O my gosh, how beautiful!!!!


----------



## belencita7 (Oct 6, 2011)

Love you baby blanket,very nice work!


----------



## knittersjoy (Mar 1, 2011)

Absolutely precious! One of the most unique baby blankets I've seen - so sweet - your work is wonderful as well. I really want this pattern so look forward to your post! 

If emailing, my email is [email protected]

Thank you for sharing.


----------



## hgayle (Aug 22, 2011)

Oh my goodness! I can't imagine how long that must have taken. Very nice!


----------



## vicki143 (Mar 13, 2012)

How beautiful - what a present.


----------



## i knit (Jan 17, 2011)

never have seen anything like this its beautiful you did a wonderful job on it!


----------



## Katsch (Mar 15, 2011)

That blanket is very nice.


----------



## Judyrohe (Mar 11, 2011)

WOW - this is such a lovely blanket. What a treasure.


----------



## kusumbudhwar (Feb 26, 2011)

Very lovely blanket. It is a precious gift.


----------



## kestrelz (Nov 29, 2011)

EXCELLENT


----------



## mak123 (Jan 24, 2012)

it is cross stitch over the afghan stitch, very easy just very time consuming, at least for me, I don't crochet that much. christine


nan-ma said:


> is that intrasua or duplicate stich? any way its very beautifull


----------



## mak123 (Jan 24, 2012)

jonibee said:


> It's beautiful..a lot of work went into it..how long did it take you to make it?

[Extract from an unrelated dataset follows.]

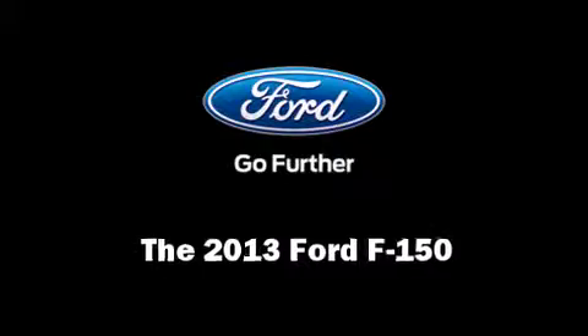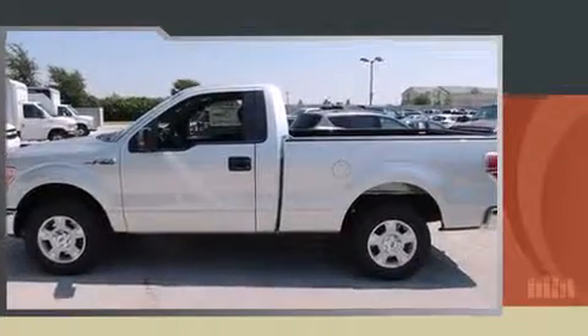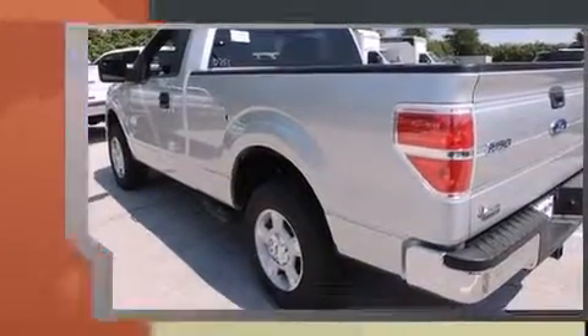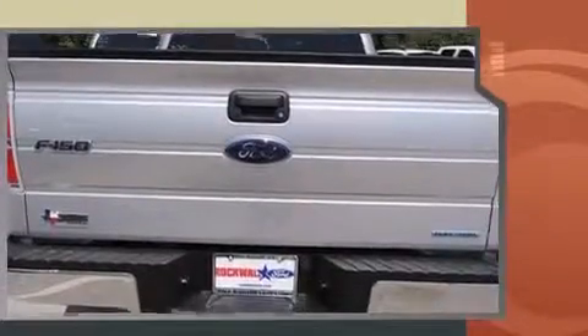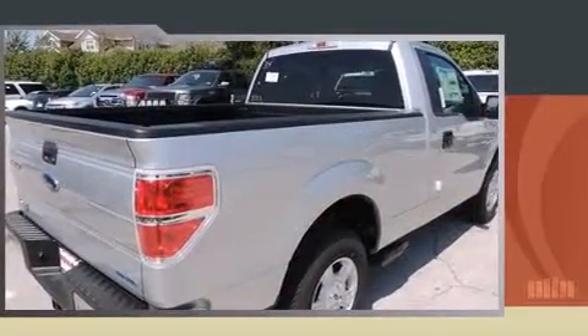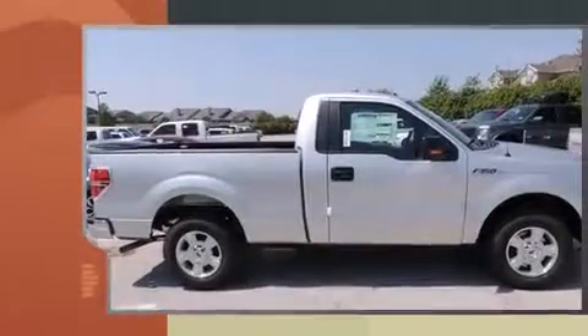The 2013 Ford F-150 — this two-door, three-passenger truck will allow you to take command of the road with confidence. It features an automatic transmission, rear-wheel drive, and a refined six-cylinder engine. Ford prioritized fit and finish, as evidenced by a range of thoughtful features throughout the vehicle.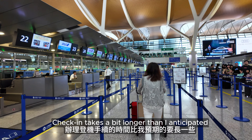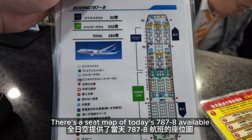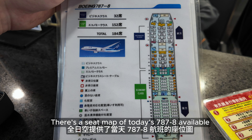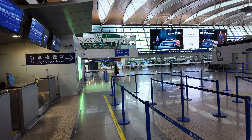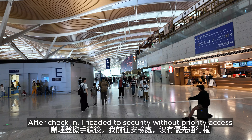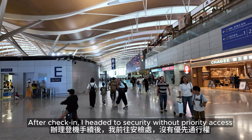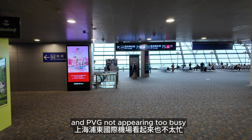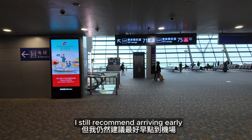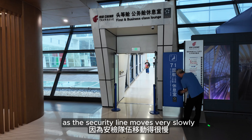Check-in takes a bit longer than I anticipated. There's a seat map of today's 787-8 available in case anyone wants to switch seats at the last minute. After check-in, I headed to security without priority access. Despite being early morning and PVG not appearing too busy, I still recommend arriving early as the security line moves very slowly.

It took me about two months to make it, I finished it the night before the shower, I'm glad that you all liked it, I know that the pattern has been around for at least 30 years. My daughter is almost 29 and she still has hers, they wash and dry (in the dryer) beautifully. Question: if there is no copyright info on the pattern or the booklet it is in, can I send it out? christine


----------



## dachsmom (Aug 23, 2011)

Ver cute


----------



## wjfaris (Oct 29, 2011)

Beautiful!


----------



## wjfaris (Oct 29, 2011)

If e-mailing I'm at [email protected]


----------



## Rainbow (May 14, 2011)

Extremely beautiful blanket


----------



## JHood (May 3, 2011)

Beautiful blanket! I love the details!


----------



## mambo22 (May 11, 2011)

beautiful work


----------



## Knitaddict (Feb 16, 2012)

That's beautiful. Such lovely work. That is indeed a gift that will be treasured for a lifetime!


----------



## blacklab (Mar 19, 2012)

mak123 said:


> Hi, this is the first time trying to post a picture (actually a few) hope it works, this is a baby blanket that I made for my daughter's friend, she just had her baby, boy, Flynn. She and her husband were very happy with the blanket (as was everyone else at her shower) hope you like them. It is a fun project, crocheted, afghan and double. I will try to scan the pattern, I looked for any copyright info and there wasn't any) christine


The blanket is exquisite -- that is one lucky baby! You are so talented.


----------



## tambirrer58 (Jan 17, 2012)

Oooh, I love it! It looks well worth the time. I can just imagine a baby laying on it for tummy time and being fascinated by the beautiful, colorful animals! Would love the pattern. 
Tammy. 
[email protected]


----------



## molz (Jan 31, 2012)

WOW!


----------



## nitrpat (Apr 1, 2011)

I can see the love in that blanket...how adorable! Hope you can share the pattern source.


----------



## oma lisa (Jan 25, 2011)

absolutely adorable!


----------



## 44gram (Dec 10, 2011)

What a darling blanket!! And so much detail. You did a fabulous job!!


----------



## mak123 (Jan 24, 2012)

thank you all such much for your comments, I'm glad that you liked it, you all do such beautiful work that I was a little nervous about posting, as it is only a combination of the afghan stitch, double crochet and cross stitch. So many beautiful pictures on this site are so much more complicated, but again I do appreciate all your comments. christine


----------



## justfara (Sep 9, 2011)

I also would LOVE that pattern!!! [email protected] I have 3 new babies due this spring for family.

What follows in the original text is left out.